Facial expressions offer very important benchmarks in every day’s social interactions. Most people are familiar with macro facial expressions, however, few people are aware of the existence of micro facial expressions [7, 8], and even fewer know how to detect and recognize said micro-expressions. Initially discovered by Haggard and Isaacs [9], micro-expressions are a type of involuntary facial expressions that are extremely fast and of very low intensity. Their duration is within 1/4 s, which makes their localization and analysis rather complicated tasks. Micro-expressions can occur in two situations: conscious suppression and unconscious repression. Conscious suppression happens when a person intentionally tries to stop themselves from showing their true emotions or tries to hide them. Unconscious repression occurs when the subject himself does not realize their true emotions. In both cases, micro-expressions betray the subject’s real emotions independently from his awareness of their existence.

Another avenue of research in emotion recognition is based on the analysis of physiological signals such as skin temperature, electrodermal activity or electromyography. Among many physiological features, the variations in the cardiac rhythms are an interesting indicator of the autonomic function [10]. In fact, the heart beating rate continuously fluctuates. The Heart Rate Variability (HRV) is conventionally defined as the time intervals between successive beats and is usually estimated from Electrocardiogram recordings. In the last decades, non-contact methods to evaluate the cardiac activity have been developed.
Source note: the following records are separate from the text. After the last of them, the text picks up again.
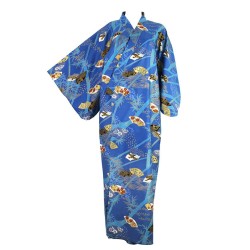 Yukata-kimono bleu royal, en coton
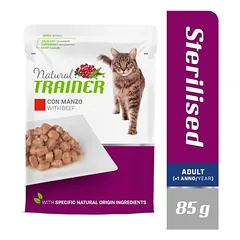 Natural Trainer Sterilised Beef Busta konservai su jautiena suaugusioms sterilizuotoms katėms, 85 g nuotrauka
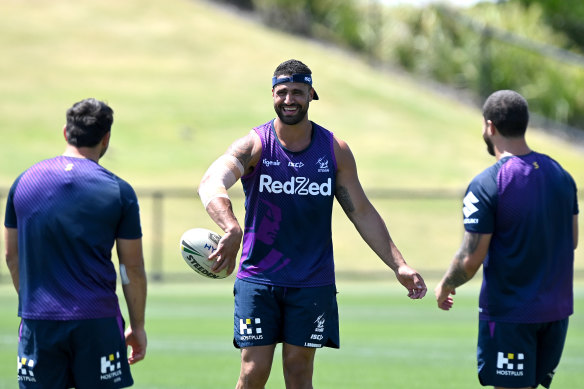 Storm's Jesse Bromwich has a laugh at training teammates on Wednesday.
One particular method is Remote Photopletysmography (RPPG) [11, 12], which enables to estimate the pulse rate from a video. The basic principle of RPPG stems from reflective photoplethysmography where the light reaching a camera is modulated by the blood pulsations of the skin. The rhythmic beating of the heart results in the pulsating blood volume alterations, which in turn lead to minute changes in the skin color that can be quantified using different signal processing techniques to generate a cardiac signal. From an RPPG signal, the Pulse Rate Variability (PRV) can be estimated by calculating the pulse-to-pulse time intervals. Both HRV and PRV describe changing heart beat rhythms, and multiple researches have demonstrated similarity between PRV and HRV [13, 14]. Therefore, the PRV can also be an indicator of the autonomic activity [15].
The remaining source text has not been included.